→ Records for the exercise
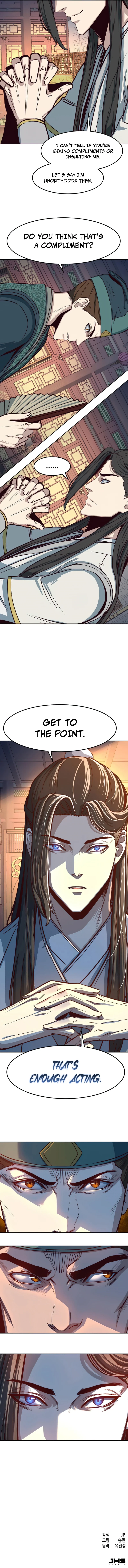 Sword Fanatic Wanders Through The Night Chapter 34, page 11 of 12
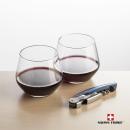 Swiss Force&reg; Opener & Mandelay Stemless Wine Alt Image 1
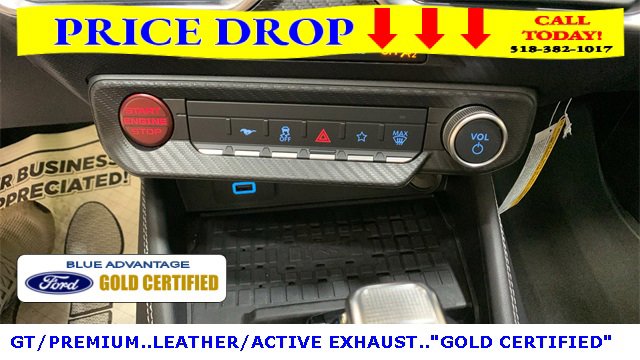 Certified 2024 Ford Mustang GT Premium image 38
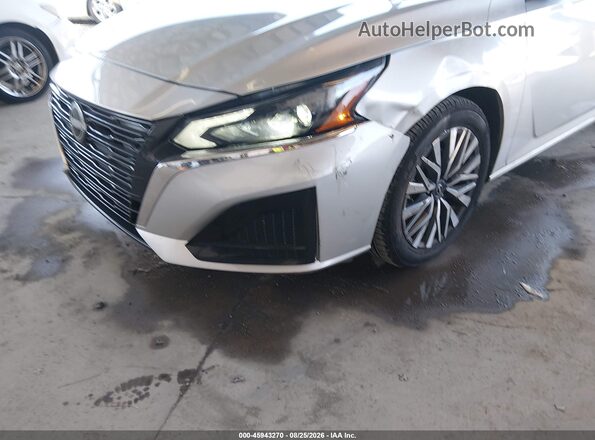 1N4BL4DV5SN394362 2025 NISSAN ALTIMA Gray Widok z przodu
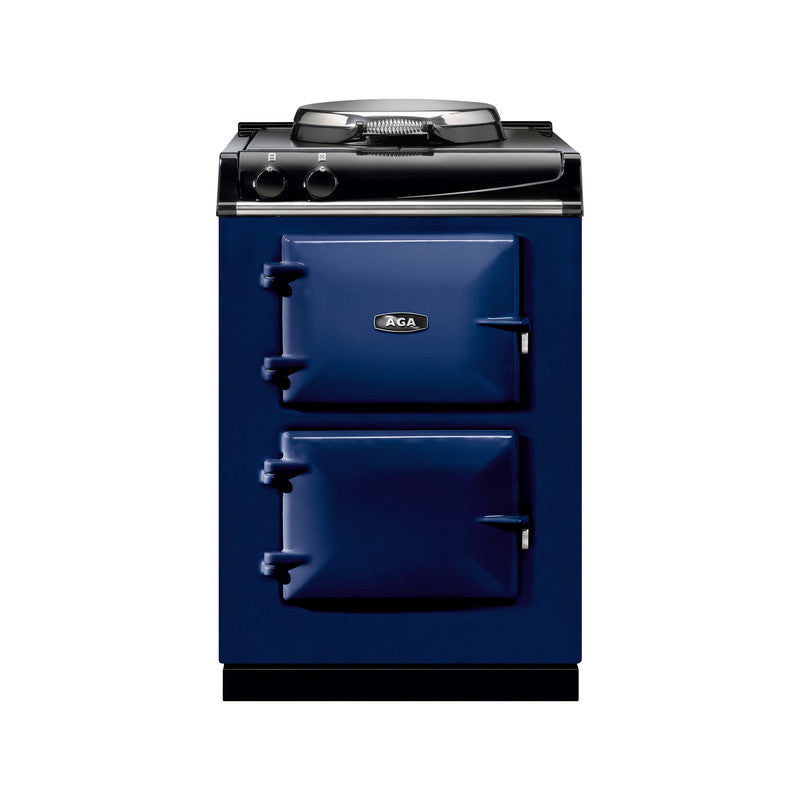 AGA Mini Cast Iron with Hot Plate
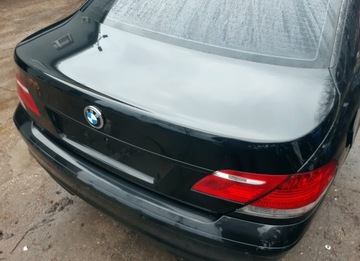 BMW E65 ПОДЪЕМНАЯ КРЫШКА БАГАЖНИКА В КОМПЛЕКТЕ 475/9
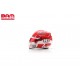 LOOKSMART LSHEL001 CASQUE Charles Leclerc GP Monaco 2024 1/5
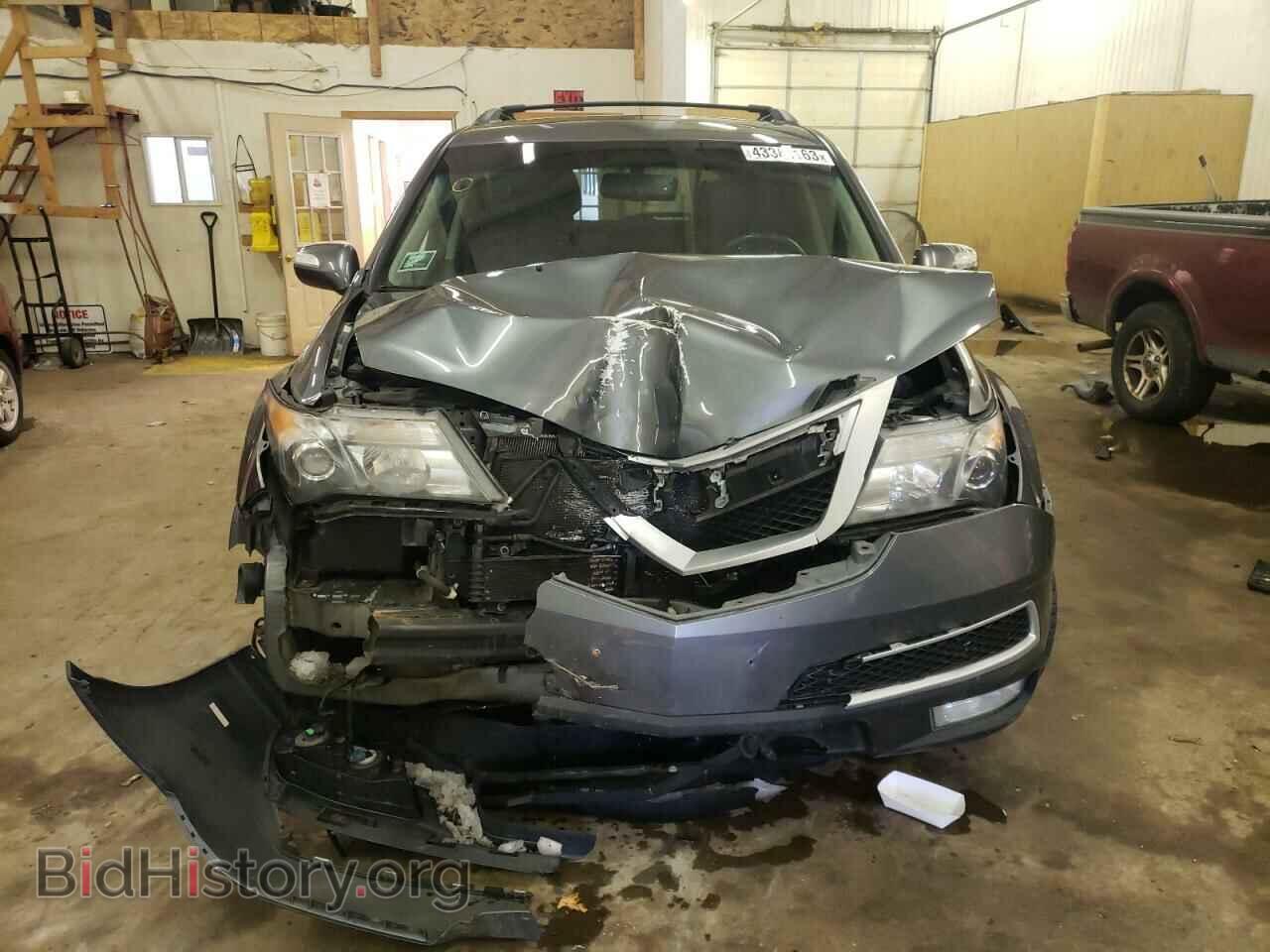 2011 ACURA MDX - VIN: 2HNYD2H25BH512788 - Фото 5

→ How to complete this task
Give back all entries exactly. No pictures belong in the copy.

→ Answer space
 Sword Fanatic Wanders Through The Night Chapter 34, page 11 of 12
 Swiss Force&reg; Opener & Mandelay Stemless Wine Alt Image 1
 Certified 2024 Ford Mustang GT Premium image 38
 1N4BL4DV5SN394362 2025 NISSAN ALTIMA Gray Widok z przodu
 AGA Mini Cast Iron with Hot Plate
 BMW E65 ПОДЪЕМНАЯ КРЫШКА БАГАЖНИКА В КОМПЛЕКТЕ 475/9
 LOOKSMART LSHEL001 CASQUE Charles Leclerc GP Monaco 2024 1/5
 2011 ACURA MDX - VIN: 2HNYD2H25BH512788 - Фото 5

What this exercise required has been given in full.